Through education, outreach, and demonstrations highlighting the benefits of practices, it is hoped to encourage widespread practice adoption and sustained practice implementation. In order to achieve the program’s goals, help and cooperation is needed with learning about the unique challenges that face area farmers; finding partners interested in adopting new technologies and conservation practices along with understanding their potential water quality, soil health and agronomic benefits; and identifying potential sites for on-farm applied research trials and case studies.

Program staff will provide assistance with soil test interpretation, new tri-state fertilizer recommendations, and use of On Field Ohio online decision tool for estimating phosphorus losses. They will also provide consultation on nutrient management practices and technology, including in-field and remote sensing technologies, modern planting and fertilizer application equipment, use of drones for field scouting, mobile applications to support field operations, and data storage and retrieval programs.

Providing guidance on best management practice selection and implementation including managing cover crops for success will also be a priority of program staff in addition to understanding manure nutrient content and utilization as a resource while promoting soil health and reducing water quality impacts. Other priorities of work include identifying low return on investment (ROI) areas that may be appropriate for conversion to conservation practices; generating cost-return data for conservation and nutrient management practices; and referral to shared community resources and funding opportunities.
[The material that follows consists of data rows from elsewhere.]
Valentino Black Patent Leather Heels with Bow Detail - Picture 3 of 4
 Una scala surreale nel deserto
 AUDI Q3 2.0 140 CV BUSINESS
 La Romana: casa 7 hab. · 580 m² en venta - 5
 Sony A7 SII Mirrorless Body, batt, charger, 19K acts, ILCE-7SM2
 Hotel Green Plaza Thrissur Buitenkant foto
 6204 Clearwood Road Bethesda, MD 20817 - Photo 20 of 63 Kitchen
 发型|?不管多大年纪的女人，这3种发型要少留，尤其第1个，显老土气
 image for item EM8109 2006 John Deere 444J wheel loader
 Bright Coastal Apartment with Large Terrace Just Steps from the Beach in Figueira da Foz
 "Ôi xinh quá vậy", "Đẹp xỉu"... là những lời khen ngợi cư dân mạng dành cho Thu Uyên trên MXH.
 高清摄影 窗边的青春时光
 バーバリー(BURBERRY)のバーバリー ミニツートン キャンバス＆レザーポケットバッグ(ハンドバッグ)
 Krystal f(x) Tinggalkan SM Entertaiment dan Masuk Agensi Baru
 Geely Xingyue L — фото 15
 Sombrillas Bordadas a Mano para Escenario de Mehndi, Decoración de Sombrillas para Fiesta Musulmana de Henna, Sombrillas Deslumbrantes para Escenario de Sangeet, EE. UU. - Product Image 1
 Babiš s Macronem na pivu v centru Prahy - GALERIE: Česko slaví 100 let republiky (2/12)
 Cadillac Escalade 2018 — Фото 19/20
Boden Fisher has a B.S. in Agriculture with a major in Agronomy from The Ohio State University. He has a background in research and retail agriculture, with interest in farm profitability/return on investment, soil retention and health, economic fertilizer use, cropping systems and rotations. Fisher is working in cooperation with the local OSU Extension and NRCS offices. He can be reached at fisher.1466@osu.edu or (419) 523-6294.

Water Quality Extension Associates work as a team with faculty, extension specialists, and educators to bring current information, applied research, and resources to the agricultural community.